Few-shot Learning of GPT-3

Overview

Few-shot Learning With Language Models

This is a codebase to perform few-shot "in-context" learning using language models similar to the GPT-3 paper. In particular, a few training examples are placed into a natural language "prompt" and predictions are made by generating from the language model. See the GPT-3 paper and Calibrate Before Use for more information.

You can run this codebase with GPT-3 (if you have a key from OpenAI), GPT-2, and any other language model available in HuggingFace Transformers. If you have a GPT-3 key, you should place your API key into a file named openai_key.txt. The underlying model you use is abstracted away using a common API.

Running this codebase will report results with and without contextual calibration.

Dependencies

This code is written using PyTorch and HuggingFace's Transformer repo. If you are running a model locally (e.g., GPT-2), the code requires a single GPU. Running these experiments is relatively lightweight (there is no training), so a single GPU is sufficient. It is technically possible to run the experiments without a GPU, but the runtime will be slow.

Installation

The easiest way to install the code is to create a fresh anaconda environment:

conda create -n fewshot python=3.6
source activate fewshot
pip install -r requirements.txt

Now you should be ready to go!

Replicating Our Results

Here is how to replicate the results from our paper for GPT-2. To replicate the results for classification tasks:

CUDA_VISIBLE_DEVICES=0 python run_classification.py \
--model="gpt2-xl" \
--dataset="sst2, trec, cb, agnews, dbpedia" \
--num_seeds=5 \
--all_shots="0, 1, 4, 8" \
--subsample_test_set=300 \
--approx

To replicate the results for extraction tasks:

CUDA_VISIBLE_DEVICES=0 python run_extraction.py \
--model="gpt2-xl" \
--dataset="mit_movie_Genre, mit_movie_Director, atis_airline_name, atis_depart_date.day_name" \
--num_seeds=5 \
--all_shots="0, 1, 4, 8" \
--subsample_test_set=300

To replicate the results for LAMA:

CUDA_VISIBLE_DEVICES=0 python run_lama.py

Note that after we refactored our code, the training sets are not the same ones used in our results table. We expect the results to differ slightly but they should match the same trends seen in our results.

Overview of Codebase

Data

The data folder contains the raw data for numerous tasks. If you'd like to add your own task, add the data into that folder. The code for loading a dataset, as well as defining the prompt format for a task, is in utils/data_utils.py. We have loaders for a wide range of existing datasets. If you want to add a new dataset that is similar in structure to any of the existing datasets (e.g., its text classification) adding it should be very simple---you can use an existing dataset as a guide.

Utils

The utils folder contains all of the code for calling the underlying models, getting the probabilities of each label token, possibly applying contextual calibration, and more. If you just want to evaluate few-shot learning on your task, you should not need to modify this code. If you want to extend our code (e.g., modify how decisions are made) this is the place to look.

Run Scripts

The run scripts, e.g., run_classification.py, contain the code for randomly sampling the examples to use in the prompt, calling the models, the necessary evaluation metrics, and more. If you are adding a new task format (one that is not classification, QA) then you will need to write your own run script. Inside the run script, you can set the parameters for the experiments using the command line arguments.

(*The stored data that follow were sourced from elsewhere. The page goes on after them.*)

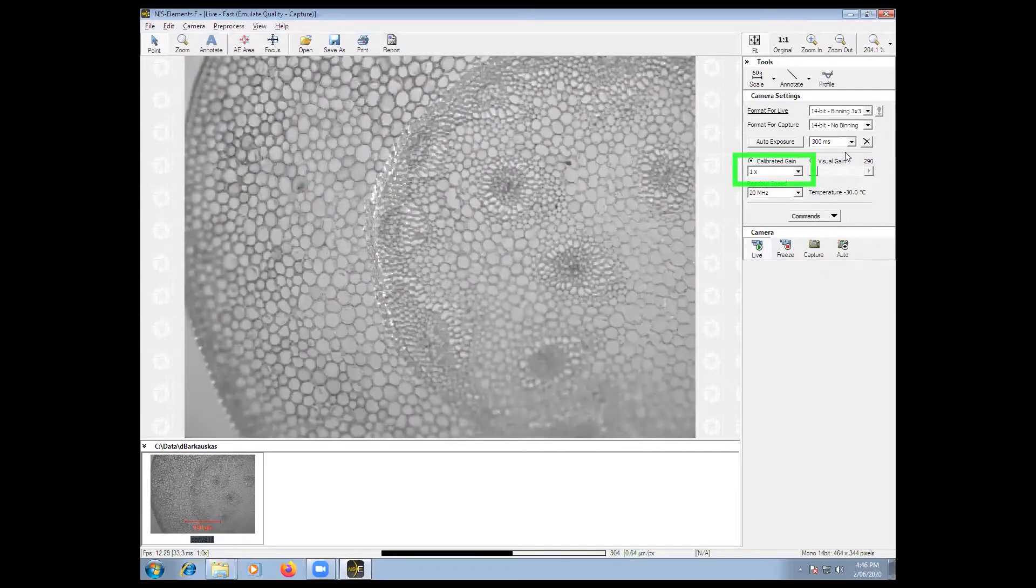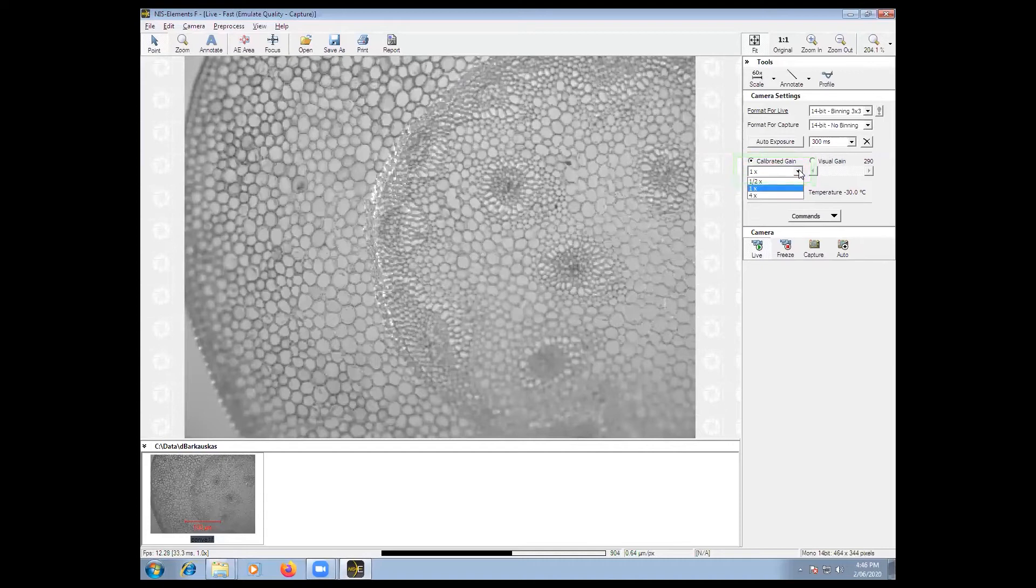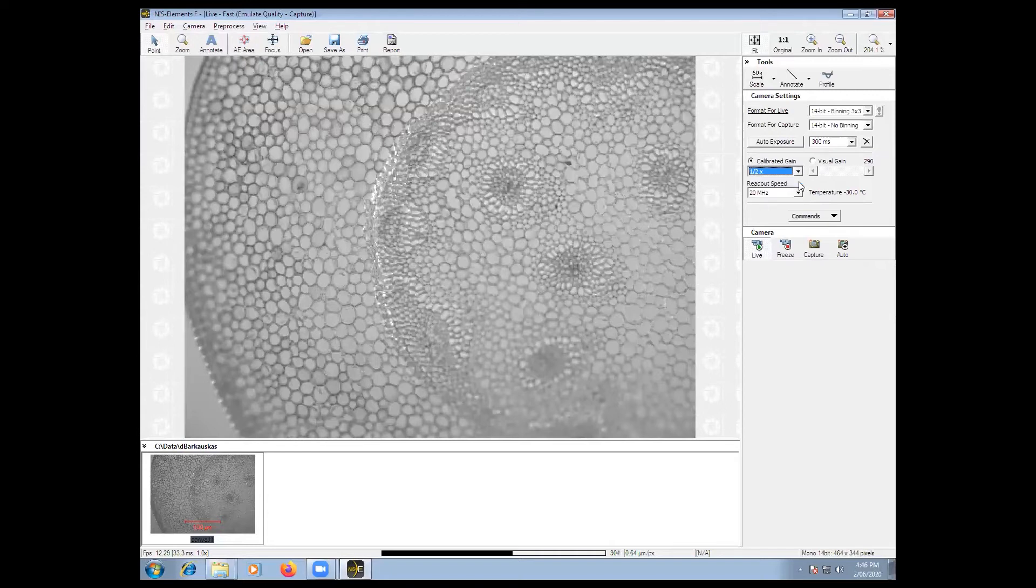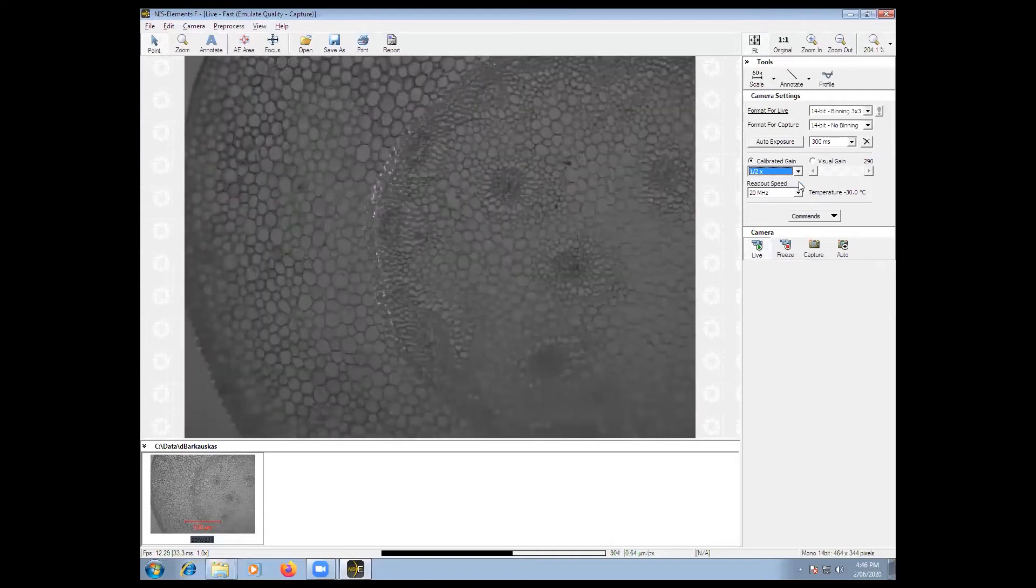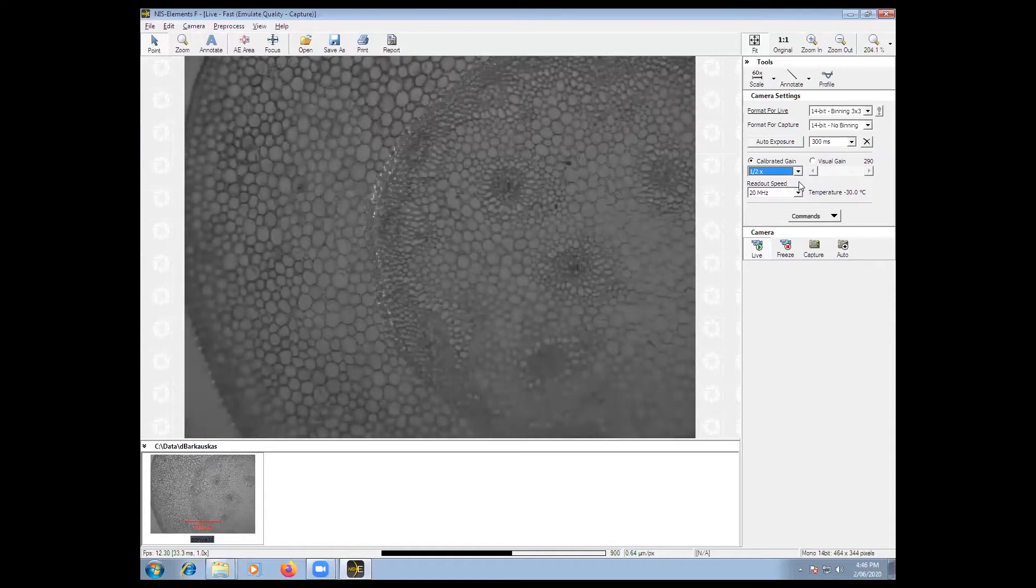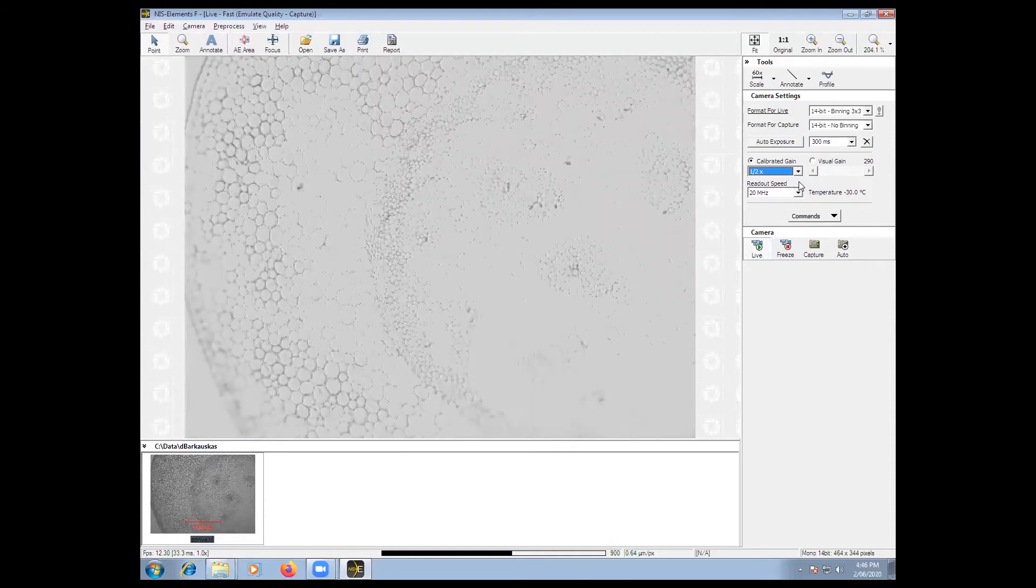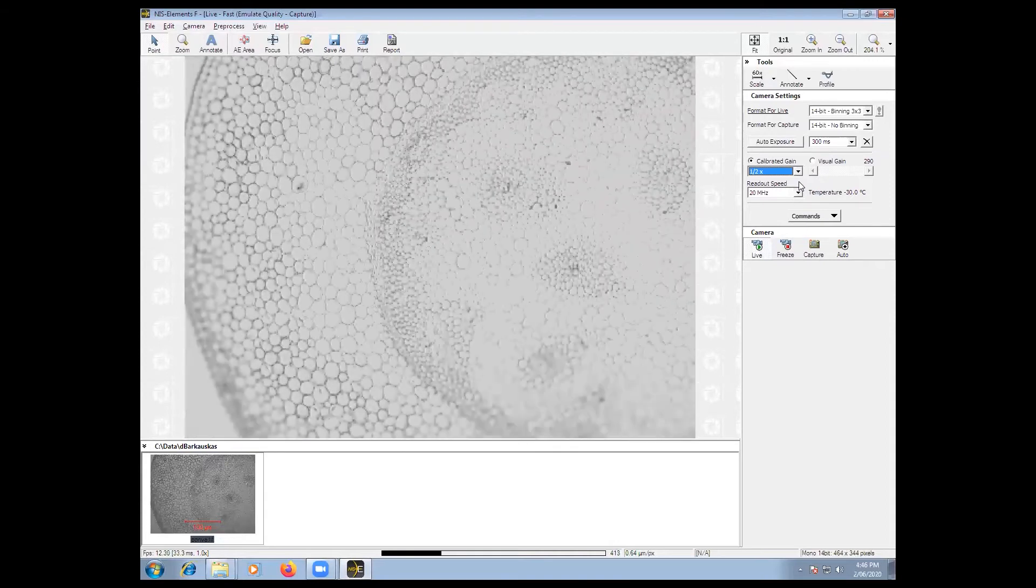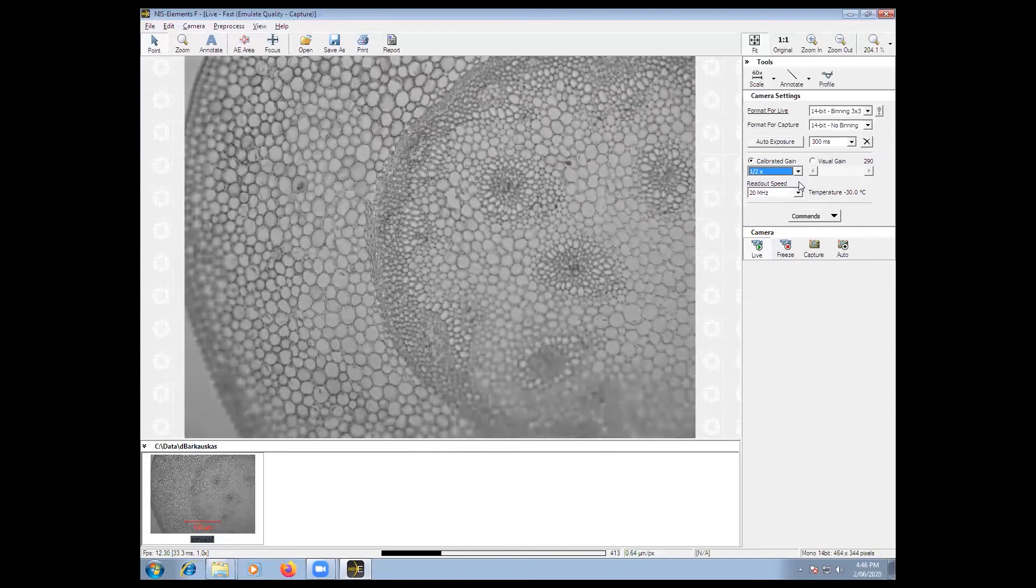If you need to enhance the contrast in your image, you can try to change gain. It defaults to 1, but if you have a bright sample you can try to decrease the gain and it will decrease the brightness in your image.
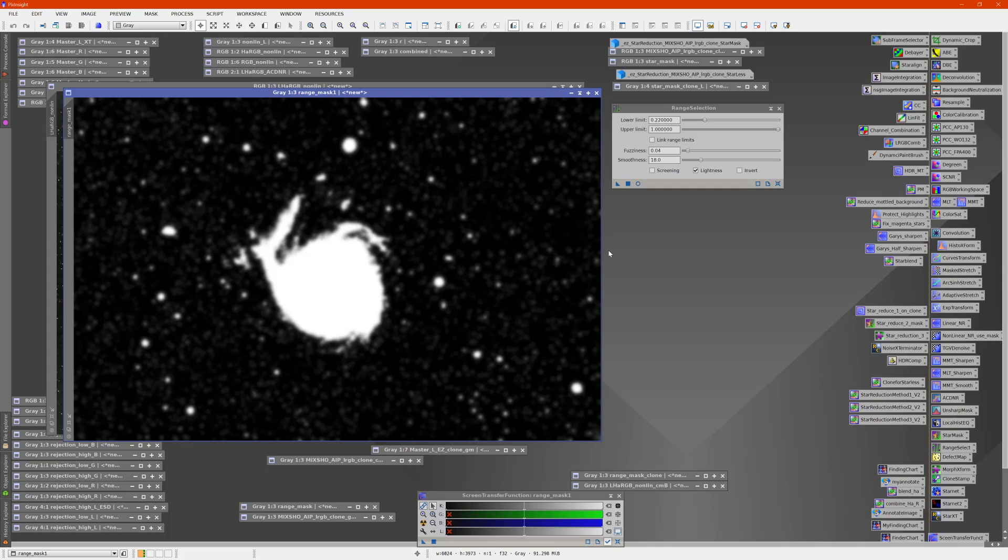I could do some further steps on it to eliminate some of the stars here. And we'll talk about that later on.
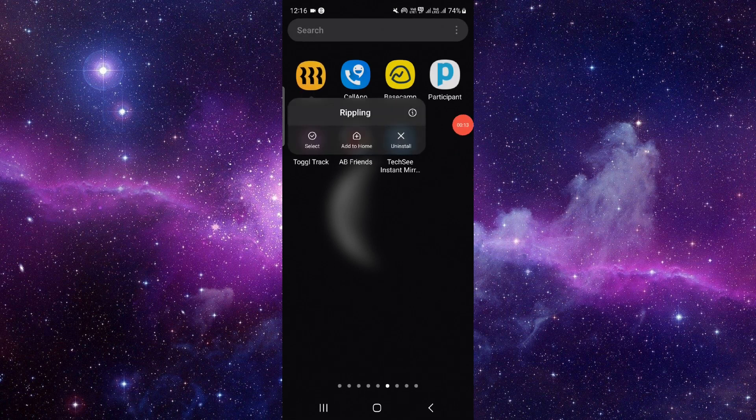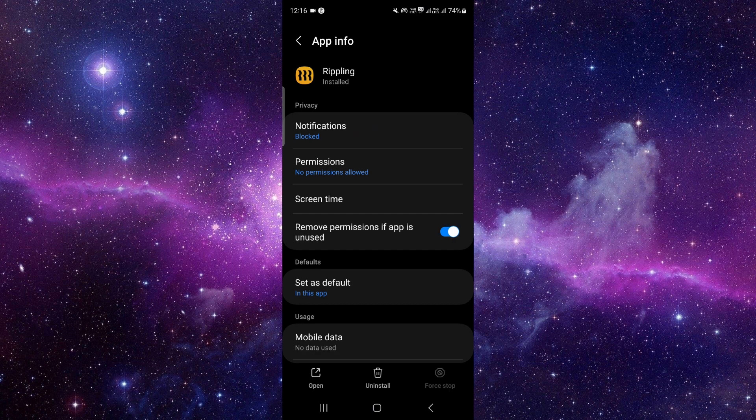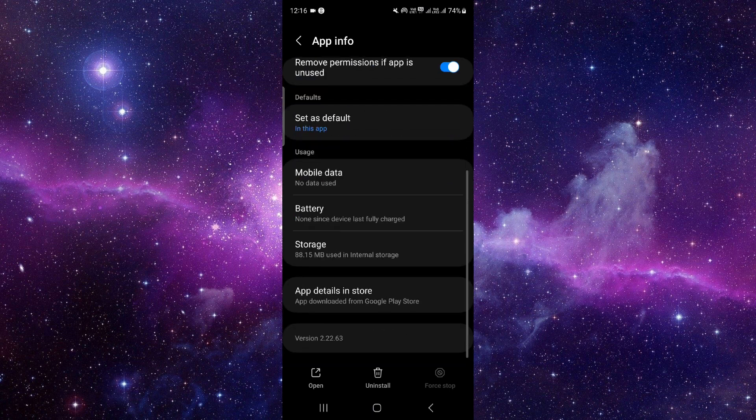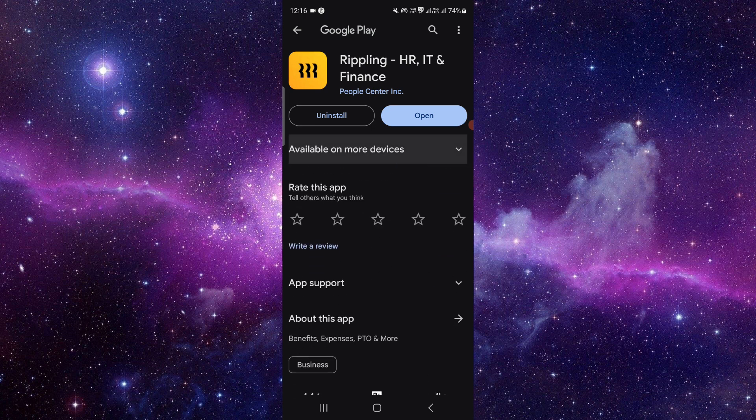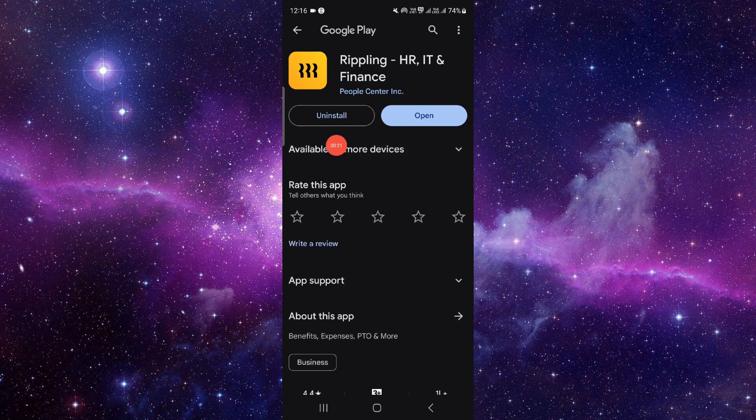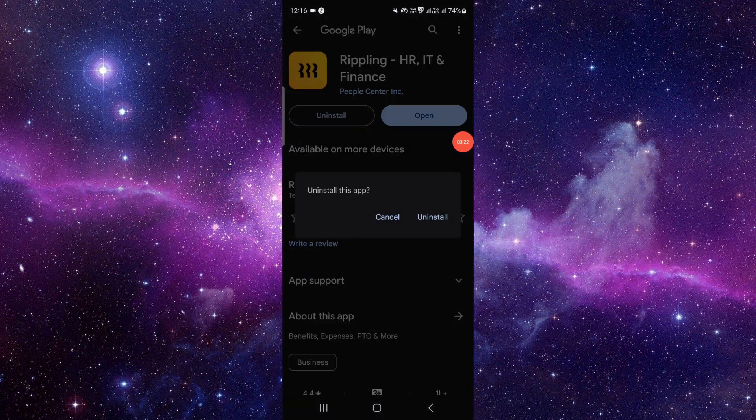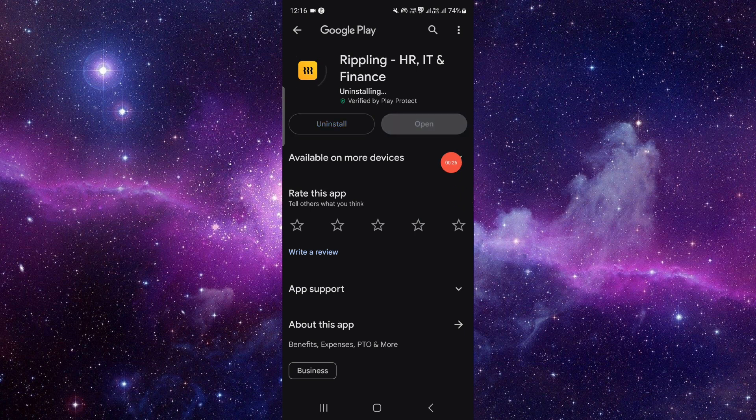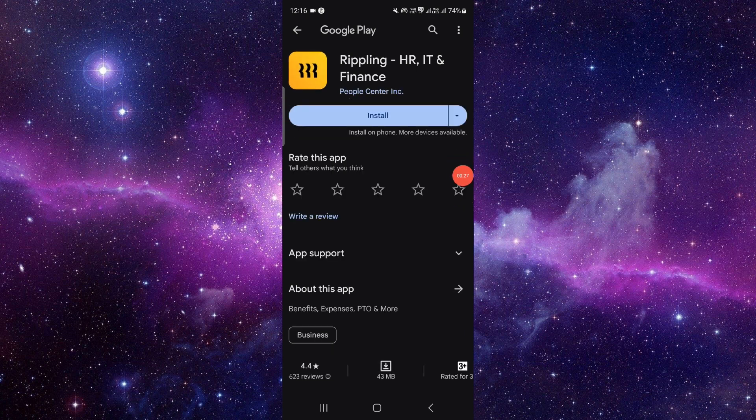on this i button and it will open the app info. Then here we'll just go to the last second option. Then you have to click on uninstall here, click on uninstall again and it will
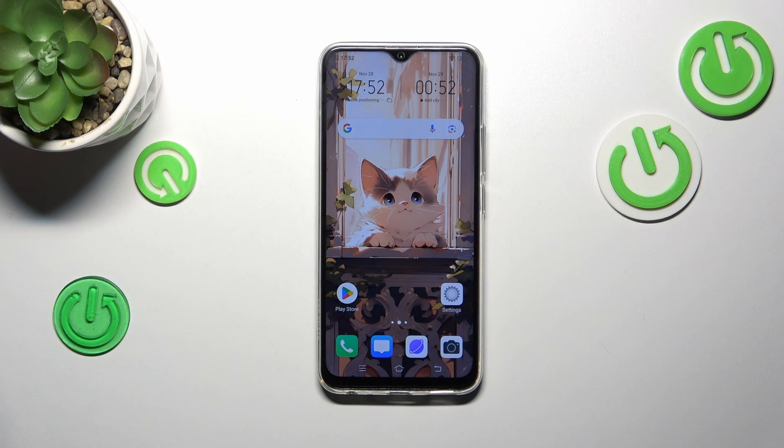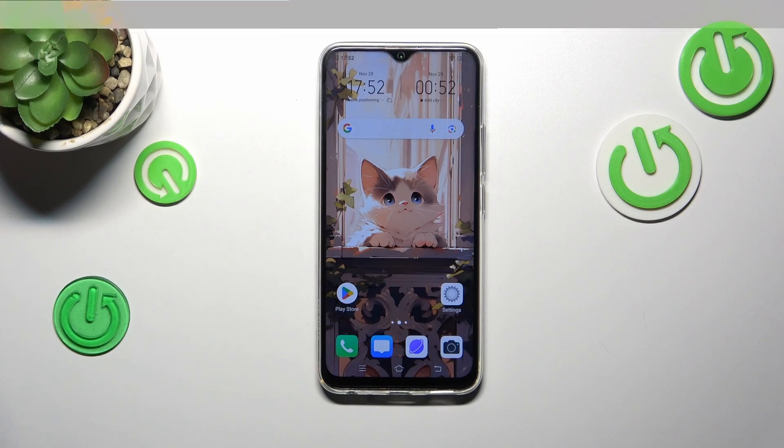Hi everyone. In front of me I've got the Vivo Y19, and let me share with you how to check the total screen time on this device.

For all experiments, we save and pickle the outputs of the model. This makes doing a post-hoc analysis of the accuracy / plotting results / etc. very fast. You can also use the saved outputs to evaluate how the accuracy would have changed if a different decision making function was used (e.g., accuracy with and without contextual calibration).

References

Please consider citing our work if you found this code or our paper beneficial to your research.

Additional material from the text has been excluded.